(Items listed in a dataset)
━━━━━━━━

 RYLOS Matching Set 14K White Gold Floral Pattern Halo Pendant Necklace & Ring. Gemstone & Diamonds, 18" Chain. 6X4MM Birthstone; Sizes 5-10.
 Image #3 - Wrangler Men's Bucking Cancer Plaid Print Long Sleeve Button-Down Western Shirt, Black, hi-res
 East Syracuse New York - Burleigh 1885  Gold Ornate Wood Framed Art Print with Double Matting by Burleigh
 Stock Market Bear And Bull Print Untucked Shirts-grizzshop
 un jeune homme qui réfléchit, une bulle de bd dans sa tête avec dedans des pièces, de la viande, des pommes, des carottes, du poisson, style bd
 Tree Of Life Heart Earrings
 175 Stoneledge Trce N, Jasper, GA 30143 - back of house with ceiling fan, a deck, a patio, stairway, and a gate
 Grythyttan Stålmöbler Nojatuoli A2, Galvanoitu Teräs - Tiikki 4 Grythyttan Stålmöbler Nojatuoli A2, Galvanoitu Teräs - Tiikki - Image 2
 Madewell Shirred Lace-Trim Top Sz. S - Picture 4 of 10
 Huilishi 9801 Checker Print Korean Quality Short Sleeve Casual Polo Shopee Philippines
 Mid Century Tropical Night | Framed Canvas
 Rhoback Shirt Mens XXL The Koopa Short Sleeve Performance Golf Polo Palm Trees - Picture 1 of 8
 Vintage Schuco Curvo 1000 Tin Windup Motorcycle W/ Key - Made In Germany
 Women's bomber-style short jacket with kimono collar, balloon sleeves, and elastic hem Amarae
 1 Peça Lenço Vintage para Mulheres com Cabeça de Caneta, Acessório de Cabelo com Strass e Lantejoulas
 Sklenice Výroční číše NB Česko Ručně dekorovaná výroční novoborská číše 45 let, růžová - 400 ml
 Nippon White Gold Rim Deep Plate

━━━━━━━━

#### [PROBLEM]
Copy out each line of the data above, exactly, if it lies between the line holding "Madewell Shirred Lace-Trim" and the line holding "Women's bomber-style short", inclusive; copy no other line.

#### [OUTPUT BELOW]
 Madewell Shirred Lace-Trim Top Sz. S - Picture 4 of 10
 Huilishi 9801 Checker Print Korean Quality Short Sleeve Casual Polo Shopee Philippines
 Mid Century Tropical Night | Framed Canvas
 Rhoback Shirt Mens XXL The Koopa Short Sleeve Performance Golf Polo Palm Trees - Picture 1 of 8
 Vintage Schuco Curvo 1000 Tin Windup Motorcycle W/ Key - Made In Germany
 Women's bomber-style short jacket with kimono collar, balloon sleeves, and elastic hem Amarae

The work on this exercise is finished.